Exercise goal: Write down exactly the lines of the records below, beginning with the first and ending with the line that includes "Cases Compatible with".

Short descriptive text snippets
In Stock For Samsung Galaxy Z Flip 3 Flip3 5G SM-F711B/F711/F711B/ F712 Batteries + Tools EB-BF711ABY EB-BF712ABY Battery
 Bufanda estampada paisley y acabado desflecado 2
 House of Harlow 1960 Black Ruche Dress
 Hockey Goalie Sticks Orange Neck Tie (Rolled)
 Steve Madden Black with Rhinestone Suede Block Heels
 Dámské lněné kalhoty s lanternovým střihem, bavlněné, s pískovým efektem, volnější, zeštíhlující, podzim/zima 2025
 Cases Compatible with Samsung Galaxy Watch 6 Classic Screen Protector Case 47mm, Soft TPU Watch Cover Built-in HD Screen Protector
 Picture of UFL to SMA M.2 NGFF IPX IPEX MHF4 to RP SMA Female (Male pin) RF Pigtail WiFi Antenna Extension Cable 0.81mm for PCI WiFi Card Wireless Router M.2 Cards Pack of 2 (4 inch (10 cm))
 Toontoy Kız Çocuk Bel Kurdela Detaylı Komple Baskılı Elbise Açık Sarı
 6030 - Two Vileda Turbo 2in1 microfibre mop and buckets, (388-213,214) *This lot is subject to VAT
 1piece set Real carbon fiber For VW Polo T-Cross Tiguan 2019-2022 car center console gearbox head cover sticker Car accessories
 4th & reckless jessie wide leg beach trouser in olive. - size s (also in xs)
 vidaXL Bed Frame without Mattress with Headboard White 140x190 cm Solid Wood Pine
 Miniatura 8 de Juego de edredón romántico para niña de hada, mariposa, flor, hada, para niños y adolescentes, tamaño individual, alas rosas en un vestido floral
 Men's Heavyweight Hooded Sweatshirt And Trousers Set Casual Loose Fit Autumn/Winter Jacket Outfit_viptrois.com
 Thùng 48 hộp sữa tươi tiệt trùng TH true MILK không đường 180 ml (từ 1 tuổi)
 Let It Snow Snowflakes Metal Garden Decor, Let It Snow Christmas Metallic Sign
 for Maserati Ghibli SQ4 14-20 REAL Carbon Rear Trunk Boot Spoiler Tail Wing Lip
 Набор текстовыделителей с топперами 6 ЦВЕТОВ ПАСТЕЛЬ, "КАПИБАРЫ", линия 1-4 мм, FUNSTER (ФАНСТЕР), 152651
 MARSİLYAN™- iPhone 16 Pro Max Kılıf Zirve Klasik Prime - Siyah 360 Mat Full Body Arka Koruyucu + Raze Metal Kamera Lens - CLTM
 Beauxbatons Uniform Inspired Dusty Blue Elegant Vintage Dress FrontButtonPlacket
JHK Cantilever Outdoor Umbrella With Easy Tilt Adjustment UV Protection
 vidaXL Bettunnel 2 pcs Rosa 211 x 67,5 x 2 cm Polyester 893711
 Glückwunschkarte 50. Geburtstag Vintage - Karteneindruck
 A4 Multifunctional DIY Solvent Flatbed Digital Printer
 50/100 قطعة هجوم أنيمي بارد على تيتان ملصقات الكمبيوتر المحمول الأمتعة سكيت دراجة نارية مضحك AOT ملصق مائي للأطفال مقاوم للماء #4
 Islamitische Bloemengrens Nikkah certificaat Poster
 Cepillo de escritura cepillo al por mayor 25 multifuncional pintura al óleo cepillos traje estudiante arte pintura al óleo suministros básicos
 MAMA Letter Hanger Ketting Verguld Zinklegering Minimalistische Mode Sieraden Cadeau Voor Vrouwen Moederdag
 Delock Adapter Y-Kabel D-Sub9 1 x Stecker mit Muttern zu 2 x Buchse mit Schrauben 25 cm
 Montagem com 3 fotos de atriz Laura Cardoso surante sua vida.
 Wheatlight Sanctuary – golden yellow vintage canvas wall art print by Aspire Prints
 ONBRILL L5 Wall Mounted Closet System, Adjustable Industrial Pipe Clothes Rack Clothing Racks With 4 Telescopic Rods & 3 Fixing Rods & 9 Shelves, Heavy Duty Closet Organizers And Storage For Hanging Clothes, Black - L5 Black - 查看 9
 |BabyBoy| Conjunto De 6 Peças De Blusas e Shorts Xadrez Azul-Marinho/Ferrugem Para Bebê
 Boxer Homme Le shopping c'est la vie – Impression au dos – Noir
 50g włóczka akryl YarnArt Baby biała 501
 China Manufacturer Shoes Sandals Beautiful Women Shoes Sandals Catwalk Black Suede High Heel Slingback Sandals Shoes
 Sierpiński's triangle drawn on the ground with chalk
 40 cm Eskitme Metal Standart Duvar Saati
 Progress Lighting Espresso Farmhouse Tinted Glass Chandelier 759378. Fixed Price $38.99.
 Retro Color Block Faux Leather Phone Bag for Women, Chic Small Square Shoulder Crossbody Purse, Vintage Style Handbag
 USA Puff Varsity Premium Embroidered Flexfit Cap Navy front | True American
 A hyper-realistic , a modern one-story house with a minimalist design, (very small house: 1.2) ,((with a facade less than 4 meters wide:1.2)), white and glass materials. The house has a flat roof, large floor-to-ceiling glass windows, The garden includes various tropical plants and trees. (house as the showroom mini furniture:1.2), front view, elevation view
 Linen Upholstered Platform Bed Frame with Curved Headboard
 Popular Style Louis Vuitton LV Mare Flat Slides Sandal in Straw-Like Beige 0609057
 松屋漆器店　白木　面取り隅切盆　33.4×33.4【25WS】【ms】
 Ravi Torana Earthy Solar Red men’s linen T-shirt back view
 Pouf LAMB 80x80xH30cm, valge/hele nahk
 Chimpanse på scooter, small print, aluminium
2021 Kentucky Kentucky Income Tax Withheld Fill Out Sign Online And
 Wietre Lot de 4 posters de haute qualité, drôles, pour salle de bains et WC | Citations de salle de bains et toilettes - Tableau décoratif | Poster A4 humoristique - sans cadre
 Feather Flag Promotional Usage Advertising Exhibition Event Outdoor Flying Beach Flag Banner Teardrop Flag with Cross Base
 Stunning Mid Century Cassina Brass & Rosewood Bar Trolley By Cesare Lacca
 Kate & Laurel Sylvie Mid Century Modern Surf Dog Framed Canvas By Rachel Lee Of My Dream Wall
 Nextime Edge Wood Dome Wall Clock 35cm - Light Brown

Answer below:
In Stock For Samsung Galaxy Z Flip 3 Flip3 5G SM-F711B/F711/F711B/ F712 Batteries + Tools EB-BF711ABY EB-BF712ABY Battery
 Bufanda estampada paisley y acabado desflecado 2
 House of Harlow 1960 Black Ruche Dress
 Hockey Goalie Sticks Orange Neck Tie (Rolled)
 Steve Madden Black with Rhinestone Suede Block Heels
 Dámské lněné kalhoty s lanternovým střihem, bavlněné, s pískovým efektem, volnější, zeštíhlující, podzim/zima 2025
 Cases Compatible with Samsung Galaxy Watch 6 Classic Screen Protector Case 47mm, Soft TPU Watch Cover Built-in HD Screen Protector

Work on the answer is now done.